The timing of the first Fed rate hike has been debated for months now, ever since it became apparent that not only is the US recovery sustainable, it’s extremely robust and becoming more so with every passing month. All you have to do is look at the average number of jobs created over the last three months – 336,000 – to see that confidence in the economic outlook is growing and only likely to improve as wage growth accelerates and oil prices remain low.
While many people across the globe are worrying about inflation, or a lack of it, the US appears to be experiencing something similar to the UK, which has been labelled “good deflation”. The decline in oil prices in particular has weighed heavily on inflation readings and even indirectly, core readings which are meant to strip out volatile components such as oil, but this is far from a bad thing.
What it effectively does is act as a tax break for the public putting a little more money in their pocket.
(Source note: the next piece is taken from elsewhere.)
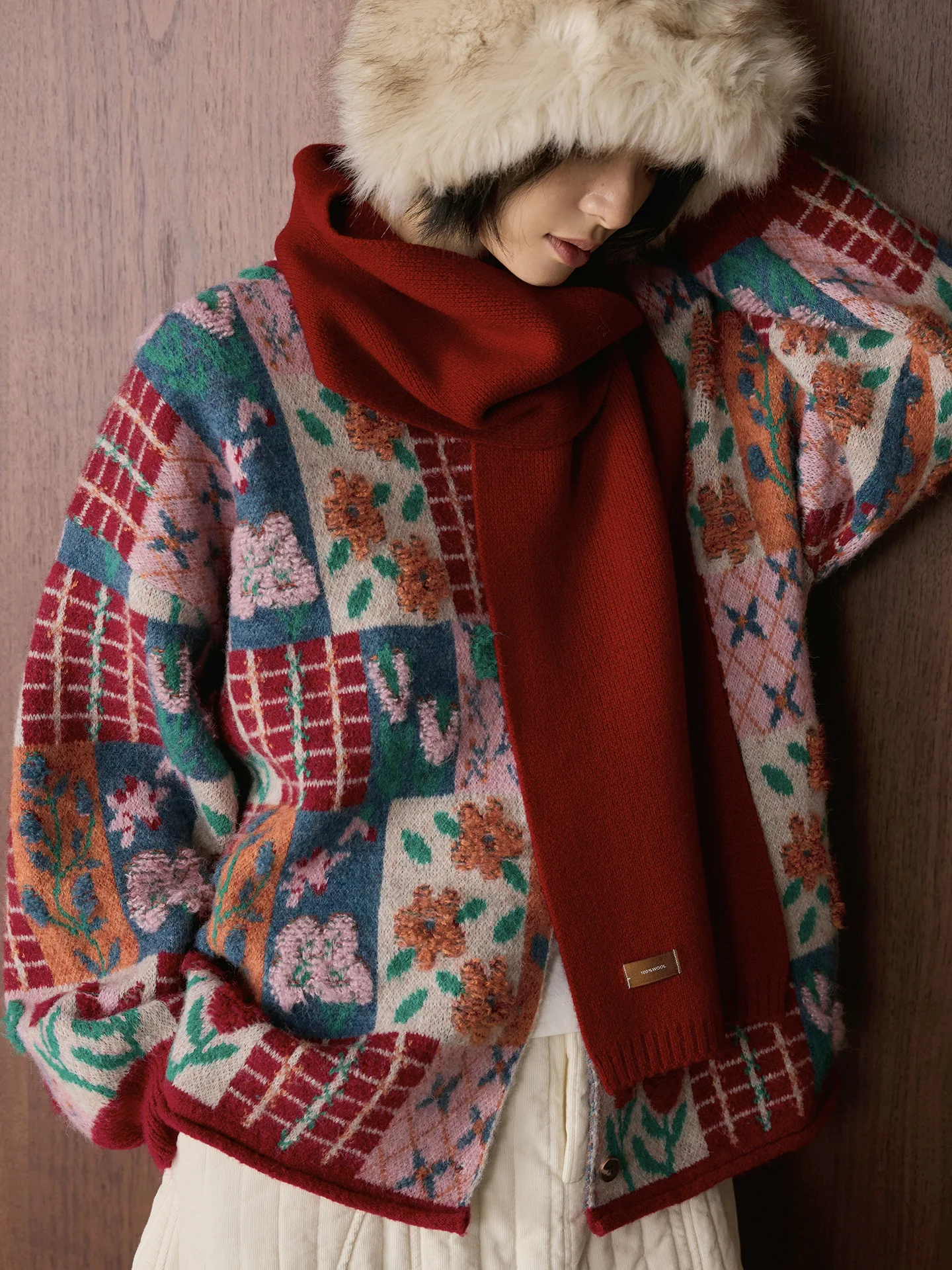 

Winter new Korean retro patchwork floral knitted wool sweater with loose silhouette casual top for women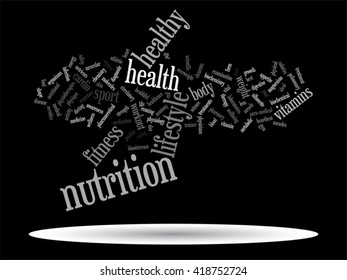 Concepto vectorial o nube de palabras abstracta conceptual sobre fondo negro como metáfora para la salud, la nutrición, la dieta, el bienestar, el cuerpo, la energía, la medicina, la aptitud física, la medicina, la medicina, el deporte, el corazón o la ciencia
In an economy like the US in which consumer spending is so important, not only is this not a bad thing, as long as the deflation doesn’t become more broad based, it acts as an economic stimulus, aiding the recovery rather than hindering it. This can only help job growth as more are created to cope with increasing demand.
Unfortunately, the poor weather in February is likely to have had a negative impact on job creation, particularly in areas such as construction and retail, which may depress the number a little. Job losses in the oil in the oil industry also won’t help as drilling slowed and the number of rigs declined even though production continued to rise.
Even with all of this, 240,000 jobs are expected to have been created last month which is well below the three month average but still very impressive, especially under the circumstances. That said, Wednesday’s ADP release showed only 212,000 jobs being created which, despite not generally being viewed as a reliable estimate of the NFP, may suggest that expectations are still too high. The unemployment rate is still expected to fall to 5.6% though, very close to the levels that the Fed deems full employment at which point we start to see wage growth that brings with it inflationary pressures.
Another aspect of the report that can be overlooked by some but is becoming increasingly important as we approach the first Fed rate hike is average hourly earnings and hours worked. An increase in hourly earnings effectively acts as a warning of future inflation and all the warning signs are there that this is not too far away. Last month this rose to 2.2% compared to last year and if we continue to see numbers around this level, it may convince the Fed that low inflation is not something to worry about and instead they need to consider preparing for higher inflation, which means a rate hike in the middle of the year.
The FTSE is expected to open 1 point lower, the CAC 8 points lower and the DAX unchanged.